Project 4

By Alex Becker

In this project, the end goal is to create image mosaics by stitching together multiple images such that it just looks like one larger image, with no noticeable artifacts where the images are stitched together. We can achieve this by first obtaining the transformation to project one image onto the plane of another image. Then, we need to somehow blend the region where the images overlap, otherwise there will be noticeable edges between them, as there will be slight differences in the conditions of the two photographs.

Part A

1. Shooting the Pictures

Below are the the images that I wanted to use to create 3 different mosaics.

Recovering Homographies

Now for each pair of images that will make one mosaic, we need to find the correct transformation to project one image onto the plane of the other. The type of transformation we want is a homography, which has 8 degrees of freedom meaning we can recover the homography matrix if we have 4 sets of corresponding points between the two images.

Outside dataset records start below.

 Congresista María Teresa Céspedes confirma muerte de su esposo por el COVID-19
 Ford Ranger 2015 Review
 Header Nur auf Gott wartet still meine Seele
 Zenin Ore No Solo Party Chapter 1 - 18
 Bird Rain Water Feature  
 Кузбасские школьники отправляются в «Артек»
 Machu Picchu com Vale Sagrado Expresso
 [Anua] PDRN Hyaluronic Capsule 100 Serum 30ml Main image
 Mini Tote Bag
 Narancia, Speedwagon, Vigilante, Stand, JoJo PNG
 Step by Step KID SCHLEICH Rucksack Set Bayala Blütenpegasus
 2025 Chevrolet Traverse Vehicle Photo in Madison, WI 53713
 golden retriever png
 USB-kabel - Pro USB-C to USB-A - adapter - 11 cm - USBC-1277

In the work above, we first see how we transform point (x, y) with a homography matrix to get point (x’, y’), the corresponding point in the other image. However, we use homeogeneous coordinates so we have to divide (wx’, wy’, w) by w after the transformation to get the point in 2D coordinates. Then we can see that if we want to determine the 8 parameters needed to determine the homography (last equation), we can just use 3 additional correspondences in addition to the one already shown, and stack corresponding rows on the left matrix and right vector. Then, we can just directly solve for the parameters. However, in reality it makes more sense to use more than 4 correspondences, as the manually chosen ones will not be perfect and can lead to an unstable homography. If we select more points, we stack as we did previously but then use least squares to get an estimated solution.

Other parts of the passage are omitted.